There are AI pipelines. I can describe um the AI workflow using SQL. So, it's the declarative. So, chunking, embedding, uh the generation, the ranking, all of that, I can run that as a fault-tolerant pipeline. It's going to live inside a PG durable um function.
It has model management. So, when I think about doing things like creating those embeddings that represent the semantic meaning, well, I need AI models for that. It would do the model management for you. So, it would integrate with Microsoft Foundry.
And so, when I think about embeddings, chat completions, and re-ranking, they will just be available. Yes, you can bring your own if you want to, but it will also just take care of that if you want.
Now, from a pricing perspective, we're paying for the compute instances.
You're going to pay for the optional standbys.
You're going to pay for the size of the database.
And then, you're going to pay for these backups.
So, those are your cost dimensions.
There isn't a separate IOPS or throughput price. It's baked into the cost of the database storage.
Now, if we jump over and actually look at the pricing page, you can see it talks It kind of showed that as we create, but you pay for the number of vCPUs, which obviously includes the amount of memory.
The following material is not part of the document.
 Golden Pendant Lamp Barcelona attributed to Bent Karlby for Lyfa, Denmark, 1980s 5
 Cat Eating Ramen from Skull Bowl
And then, I pay for the amount of storage the database, and I pay for the amount of backup. And then, I would pay for whatever the cost of the Foundry model. So, if it's managing the models, it doesn't charge you an additional cost for managing them, but you would still be paying for the Foundry cost of whatever models it goes and creates to do that management.
Now, something you do have to consider when you think about the pricing is sizing the environment correctly.
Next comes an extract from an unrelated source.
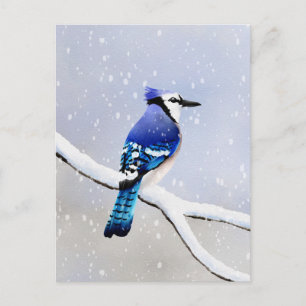 Watercolor Winter Snow Bird Blue Jay Einladungspostkarte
Because think about it now. There's There's one copy of the data.
So, when I think about There's one copy. I'm not having separate copies across, for example, different replicas.
Remember, it's offloading a lot of tasks now to these storage fleets. So, more of the vCPUs, more of the memory in the compute instances can just go to doing the work.
So, when you think about sizing it, don't just think, "Hey, my PostgreSQL instance is this size today, this number of cores, this amount of memory. I need the same for HorizonDB." It might be you can have smaller instances, but achieve the same amount of performance. You're going to want to pay attention to that as part of that exercise.
And so, that was it. I really just wanted to talk about what it was. So, HorizonDB it is a cloud native 100% PostgreSQL compatible database, but because of that cloud native architecture, it's solving many of the scale, the performance, the availability challenges we normally see.
Now, this is early days. It is in preview. I would keep an eye on documentation as more features will get added as it gets closer to GA, as it hits GA, then past GA.
For now, you're not going to want to use this in production. It's preview.
You could definitely start experimenting and then think about where it may fit in your architectures, especially where you are seeing challenges today, as you think about that scale, the performance, the availability, and this may well be your solution.
Hope that's useful. Till the next video, take care.